New Tip Sheets Aim to Promote Use of Data to Bolster After-School Efforts
June 6, 2012
The Wallace Foundation

 

FOR IMMEDIATE RELEASE

Contact: Lucas Held
212-251-9782

(June 6, 2012) Data can power after-school efforts. For after-school decision-makers who want to know how, a new set of data tip sheets from The Wallace Foundation shows the ways that data can assist in everything from determining where programs are needed to how to make them better.

Designed for city agencies, after-school program providers, intermediary organizations, parents and others, these easy-to-use guides zero in on data use for four tasks key to more effective after-school: evaluating program quality, ensuring programs are accountable to funders, mapping program supply and demand, and supporting advocacy. A fifth tip sheet examines data-sharing arrangements that can give decision-makers the information that's necessary. A sixth sheet offers an overview. 

"We know that data-driven decisions can lead to higher-quality programs that benefit children's well-being and development beyond school hours," said Lucas Held, communications director of The Wallace Foundation. "We believe that this set of six tip sheets will be an invaluable tool to help people make effective decisions that will improve access to programs, enhance their quality and increase youth participation."

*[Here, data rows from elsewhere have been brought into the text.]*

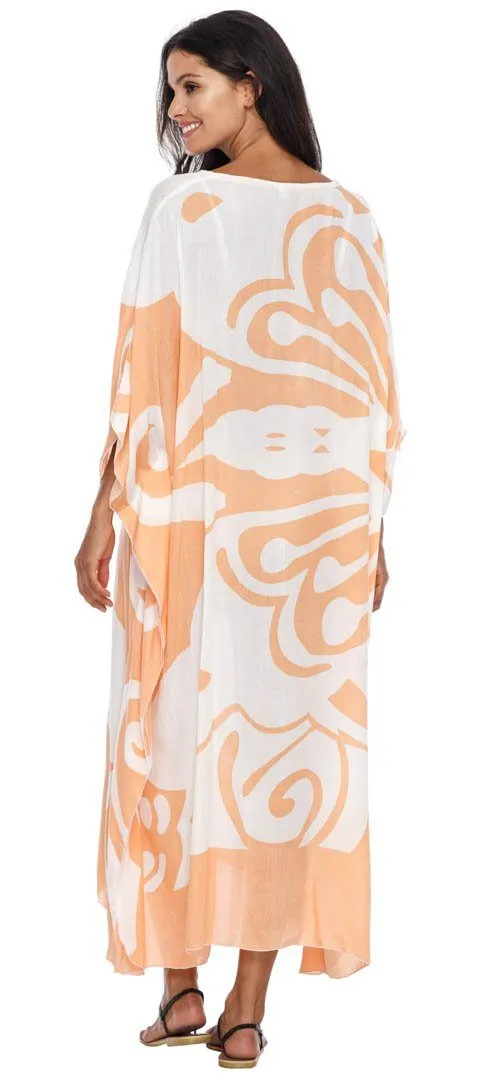 SHU-SHI Women's Long Beach Butterfly Caftan Tunic Dress - Swimsuit Cover-Up Loose Poncho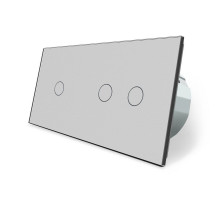 Сенсорный выключатель 3 сенсора (1-2) серый стекло Livolo (VL-C701/C702-15)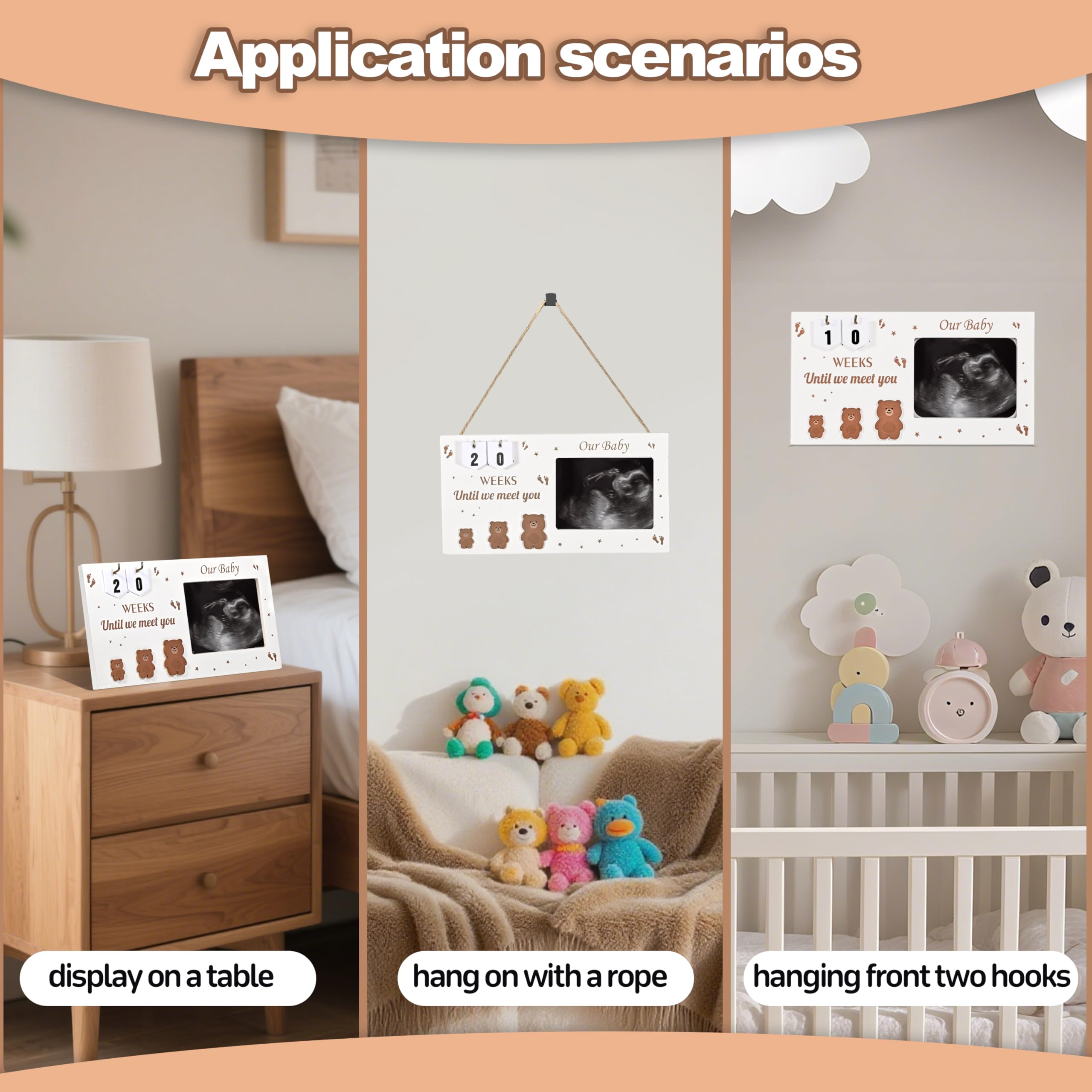 DACO MIN frame with gold-foil message for pregnancy announcements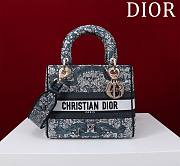 Dior Lady D-Lite Bag in Black Blue Toile De Jouy 36x27x16CM - 1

The tip sheets also offer concrete examples of how different organizations have put data to work for them. For instance, a statewide after-school group in New York mapped publicly-funded programs in the state to inform discussion of proper funding allocations. An after-school effort in Providence, R.I., encouraged providers to raise the quality of programs by offering incentives to those that met metrics in attendance, enrollment and other areas. And the executive director of the Children's Commission in Jacksonville, Fla., used a color-coded community map to successfully defend her after-school budget before the city council. The map showed a grim picture in one neighborhood, where few kids regularly go to after-school programs and many repeat a grade – in contrast to another neighborhood with high rates of after-school participation and low rates of grade retention. Her strategy worked: The city council trimmed her 2012 budget by only five percent during a time of severe municipal belt-tightening.

"To make the case for more resources in a tight budget environment, it's essential for leaders and advocates of expanded learning opportunities to have good data," says Lucy N. Friedman, president of The After-School Corporation, a national nonprofit organization based in New York that works to change public policy and direct sustainable public funding to support expanded learning opportunities for children.

"The Wallace Foundation has created a tremendous resource for after-school professionals looking to strengthen their data systems and understand how their work fits into the national context," said Elizabeth Devaney, quality consultant at the Providence After School Alliance in Rhode Island. "These tips sheets will help both new and experienced communities apply lessons learned to make better use of the data they collect."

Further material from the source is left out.